Alright, so what about Biden’s proposal inside the American Families Plan, which he rolled out Wednesday night, to cap child care costs that a family pays at just 7 percent of income for low- and middle-income families? Oh, that’s also probably a no-go? Even though 64 percent of Americans were in favor of the plan’s components in a recent Monmouth University poll? Hmm.

Well, if not child care, then how about another solution Biden has proposed: universal preschool?

“We need to make sure every child will have access to high-quality universal pre-K,” Biden said in December. “I’m not talking about day care. I’m talking about universal pre-K that is starting at age 3, 4.”

Surely, you have to like the idea of getting kids into school earlier, something that school districts around the country already provide. (I went to pre-kindergarten starting at age 4; my younger brother was enrolled in Head Start at age 3.)

Oh, still a “no” from Republicans in Congress, because of the tax hikes on the wealthy and corporations Biden has proposed to pay for it? OK.

At this point, you can see the problem with this stance Vance holds. You don't want kids to go to preschool so lower-education families that depend on both parents' paychecks can actually earn a living wage. But you also don't want to raise the minimum wage so only one parent can work. But you also don't want to pay for programs that would allow for a parent to stay home?

Vance’s book, after initial rave reviews from many on the center-left, has since been critiqued for its reliance on a narrative of pulling oneself up by the bootstraps.

“The book is not subtle in its message: Working-class grunts are to blame for their own struggles,” Lisa Pruitt, a University of California, Davis law professor wrote in December. “If they’d just get off their duffs, go to church and stay married, everything would be OK.”

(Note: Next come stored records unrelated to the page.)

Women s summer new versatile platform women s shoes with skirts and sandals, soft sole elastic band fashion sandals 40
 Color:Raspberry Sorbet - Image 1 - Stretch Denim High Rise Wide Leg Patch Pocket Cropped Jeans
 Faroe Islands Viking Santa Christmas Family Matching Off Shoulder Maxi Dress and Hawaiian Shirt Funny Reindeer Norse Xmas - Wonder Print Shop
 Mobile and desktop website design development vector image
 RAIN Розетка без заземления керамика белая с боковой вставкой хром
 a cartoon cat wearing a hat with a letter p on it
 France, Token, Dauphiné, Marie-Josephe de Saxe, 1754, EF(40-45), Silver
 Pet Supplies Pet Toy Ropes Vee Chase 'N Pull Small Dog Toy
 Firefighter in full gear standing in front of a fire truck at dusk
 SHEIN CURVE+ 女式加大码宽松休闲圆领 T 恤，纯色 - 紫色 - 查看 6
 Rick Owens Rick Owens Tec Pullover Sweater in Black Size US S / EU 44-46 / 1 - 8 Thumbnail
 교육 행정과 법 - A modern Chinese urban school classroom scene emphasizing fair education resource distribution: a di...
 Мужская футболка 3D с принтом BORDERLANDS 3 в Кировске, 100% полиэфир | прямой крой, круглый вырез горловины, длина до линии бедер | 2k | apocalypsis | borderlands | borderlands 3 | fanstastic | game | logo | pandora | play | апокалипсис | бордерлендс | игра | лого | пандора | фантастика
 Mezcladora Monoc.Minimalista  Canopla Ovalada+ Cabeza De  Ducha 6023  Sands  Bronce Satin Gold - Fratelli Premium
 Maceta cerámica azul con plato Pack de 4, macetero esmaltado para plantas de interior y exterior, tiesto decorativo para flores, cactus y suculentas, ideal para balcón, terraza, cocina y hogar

But that sentiment doesn’t work in today’s economy. It didn’t even work in the 1950s of the baby boomers’ youth, when massive government programs were needed to expand the middle class and provide the foundation for the nuclear family. Conservatives like Vance can’t both claim to be the real backers of the working class and stand in the way of Biden providing the tools needed to let them support their families.